The whole article size is 17k of wikitext.

Content Translation uses service we call cxserver (which is developed for purpose of serving Content Translation mainly) to translate and adapt content between languages. It splits source article into pieces (sections) that you can translate individually. That means those 17k of wikitext are not translated in whole.
Furthermore, section content is sent to cxserver as HTML, not as wikitext, which means it is bigger than wikitext, because of accompanied HTML markup. Sometimes that difference in length is significant.
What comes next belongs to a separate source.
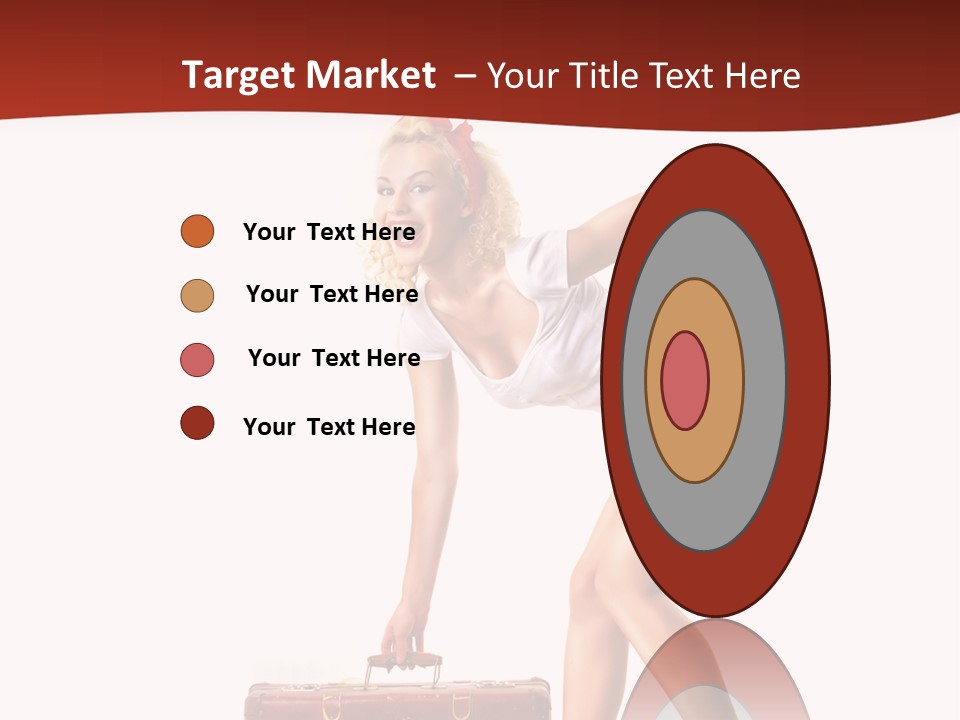 Heel Flirtation Y PowerPoint Template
When we send that HTML of section we want to translate, in your case from Russian to Ukrainian, cxserver can reject the request because content is too big because of two similar, but different reasons:

  1. First line of checks is that content is not bigger than 500,000 bytes (0.5 megabytes)
  2. If content is smaller than 0.5 MB, but number of characters is greater than 10,000, we don't even try sending it to engines like Yandex, cxserver rejects that request as well

In case #1, we're stuck with "Start with an empty paragraph", as "Copy original content" option also requires content smaller than 0.5MB.
Translating table under section header Актёр, that you added as an example, falls under case #2, where the content is rejected because it exceeds 10,000 characters (it is 40,591 characters), but "Copy original content" works as a fallback option.